Empirical Gnollage: Installment 65 [https://squirrel.dogphilosophy.net/Installment065.png]

A few hours of miserable trudging later, the pathetic excuse for a road began to rise slowly into a small hilly area, and the mud and weeds began to yield to shrubbery and pine trees. The plague of mosquitoes abated somewhat as they went on, but didn't go away entirely. Dusk was approaching when they reached what was left of an old tavern. It looked like it had been a very welcoming place, perhaps a decade ago. Now, the two-story structure's second floor had partially fallen in, leaving a gaping hole in the roof. The wooden walls were covered with vines, mostly hiding the expensive-looking glass-paned windows. The front door was closed, but clearly warped by the long, damp years. All that was left of the mostly-rotten wooden sign that had fallen down from where it had hung was a piece of a plank with the barely-readable word "The" and another piece with the similarly worn word "Tavern". The rest had been devoured by dampness and time.

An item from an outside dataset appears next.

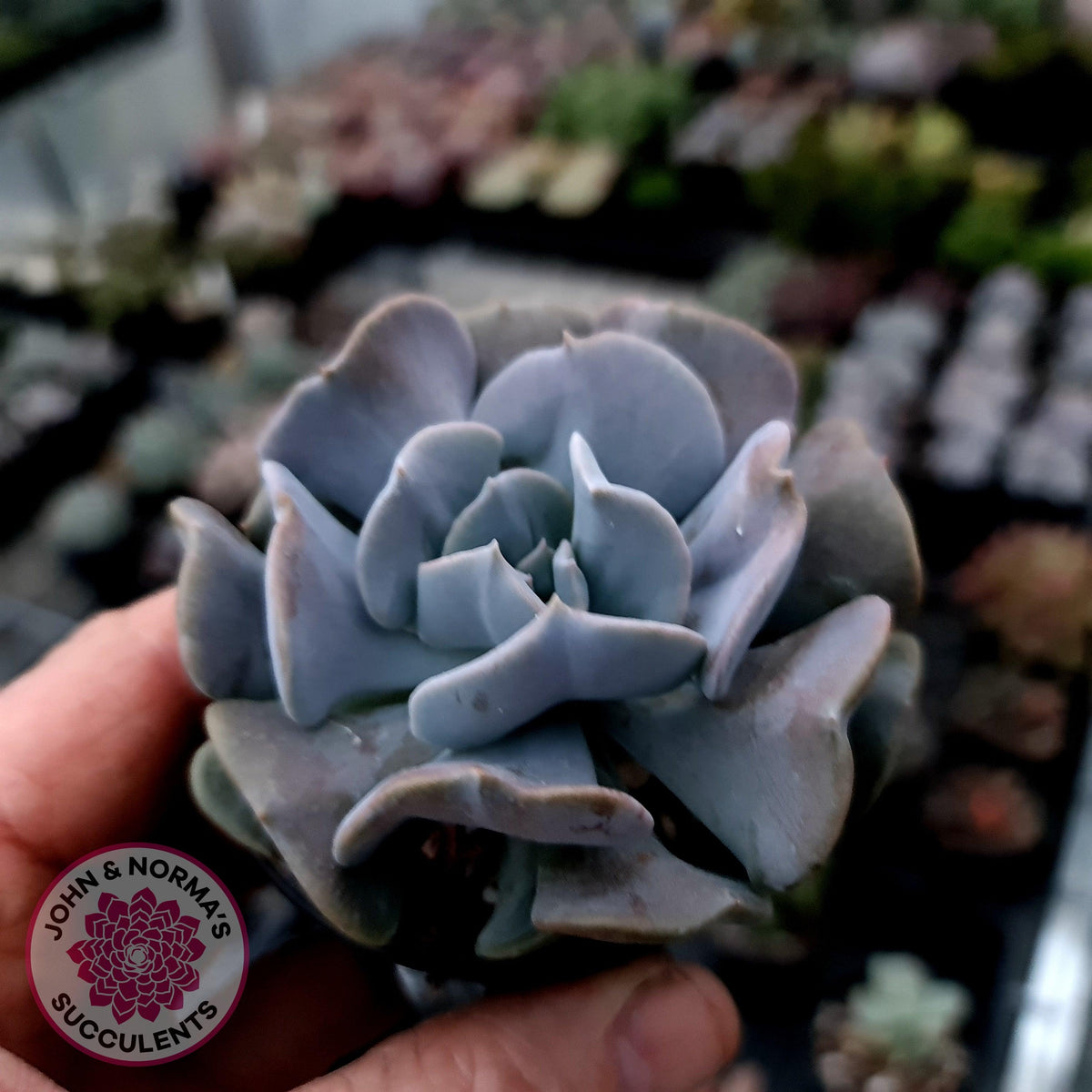 Echeveria Cubic Frost - Single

A nearby single-story building with a wide sagging wooden door seemed to be stables. It looked like it might be in slightly better condition than what remained of The...Tavern. It was also covered in vines and the stable door appeared to have been hanging so long that the hinges were bent, but at least the roof seemed to be in one piece. The only other structure to be found there was a covered well, overgrown with moss. At least the rope coiled over a rusty hook beneath the well's cover and the wooden bucket tied to the end appeared to be intact, possibly treated with some waterproofing process.

"Do we just burn it all down with the vampire inside?" Al half-heartedly joked, almost too exhausted to swat at another mosquito that was buzzing him.

"We might find it too damp to burn properly," Bote suggested. "I am not a carpenter, but I suspect the building may hold itself up well enough for us to go inside and look if we want, so long as we do not do substantial violence to the structure. I have seen mineshafts with worse timbers."

"If there are fewer bloodsucking things inside than there are outside, I'm all for taking a look," Wikwocket suggested.

Al looked over their transportation. Haunch drooped with exhaustion, and Al's eyes lingered for a moment on the stiff, drained deer carcass Gruntle had dumped on top of the cart.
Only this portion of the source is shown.